#### Collected material ####

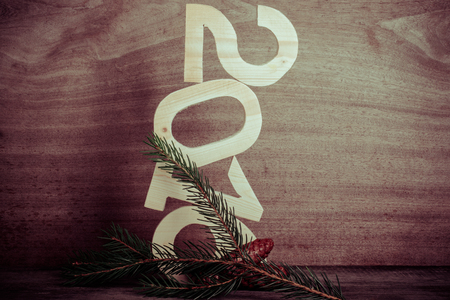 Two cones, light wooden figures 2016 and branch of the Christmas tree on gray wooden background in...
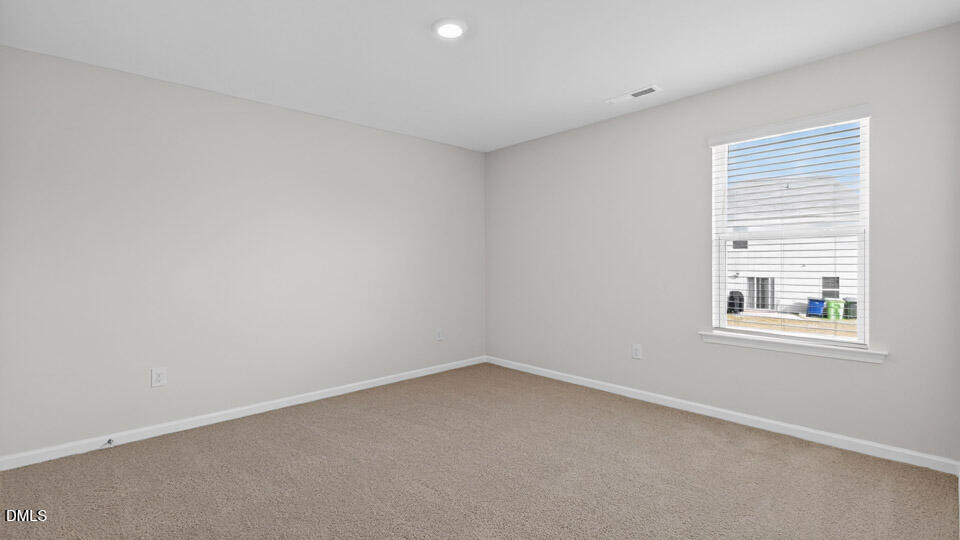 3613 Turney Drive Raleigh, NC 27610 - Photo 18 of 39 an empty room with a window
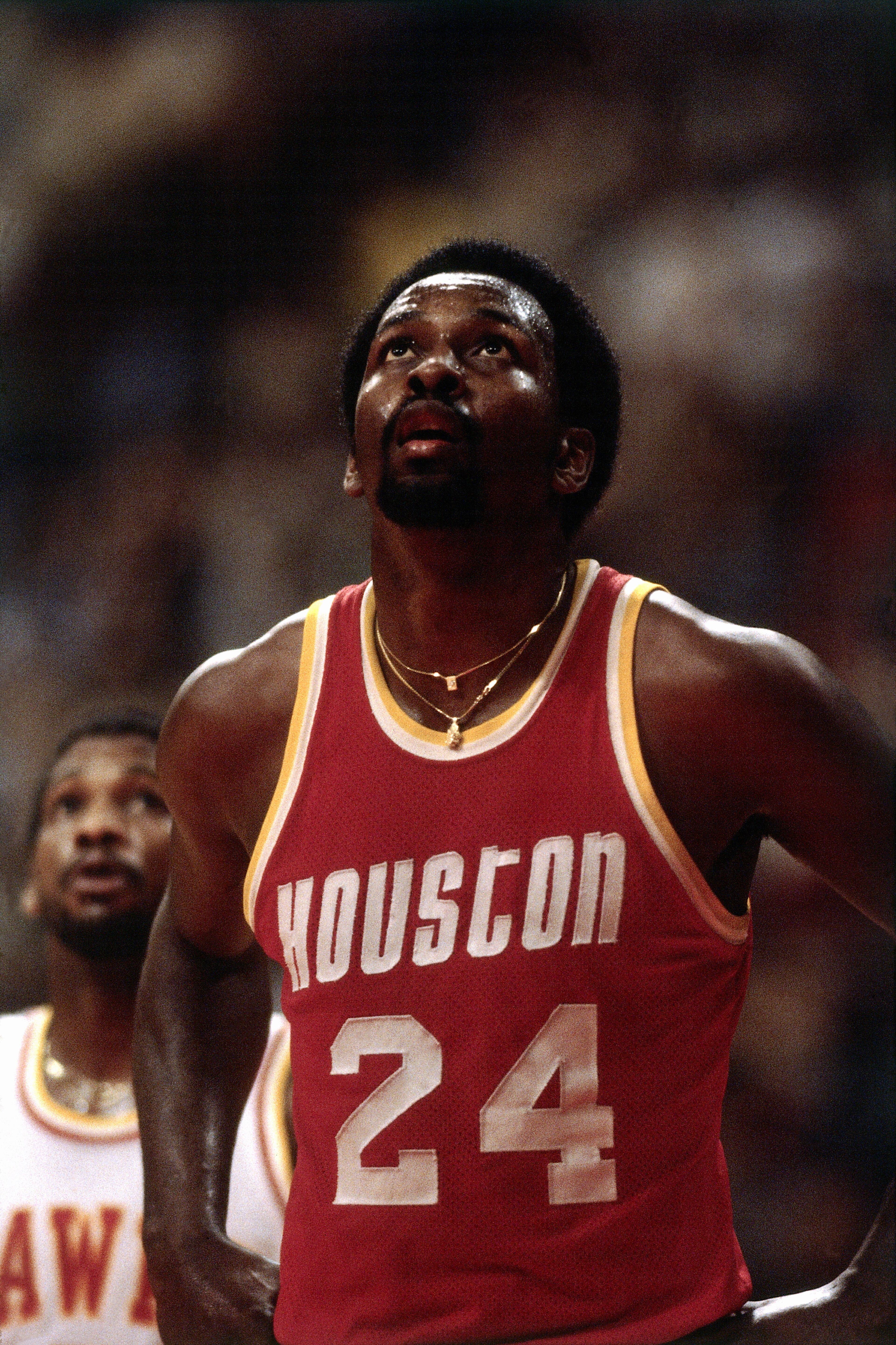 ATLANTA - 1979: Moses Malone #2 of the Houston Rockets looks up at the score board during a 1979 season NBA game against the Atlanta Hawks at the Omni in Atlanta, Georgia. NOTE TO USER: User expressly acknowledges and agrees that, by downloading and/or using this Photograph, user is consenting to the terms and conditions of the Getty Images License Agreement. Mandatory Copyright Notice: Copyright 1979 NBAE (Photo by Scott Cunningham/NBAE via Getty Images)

####

→ **What is expected**
The data needs to be reproduced exactly, please, apart from its pictures.

→ **Answer section**
 Two cones, light wooden figures 2016 and branch of the Christmas tree on gray wooden background in...
 3613 Turney Drive Raleigh, NC 27610 - Photo 18 of 39 an empty room with a window
 ATLANTA - 1979: Moses Malone #2 of the Houston Rockets looks up at the score board during a 1979 season NBA game against the Atlanta Hawks at the Omni in Atlanta, Georgia. NOTE TO USER: User expressly acknowledges and agrees that, by downloading and/or using this Photograph, user is consenting to the terms and conditions of the Getty Images License Agreement. Mandatory Copyright Notice: Copyright 1979 NBAE (Photo by Scott Cunningham/NBAE via Getty Images)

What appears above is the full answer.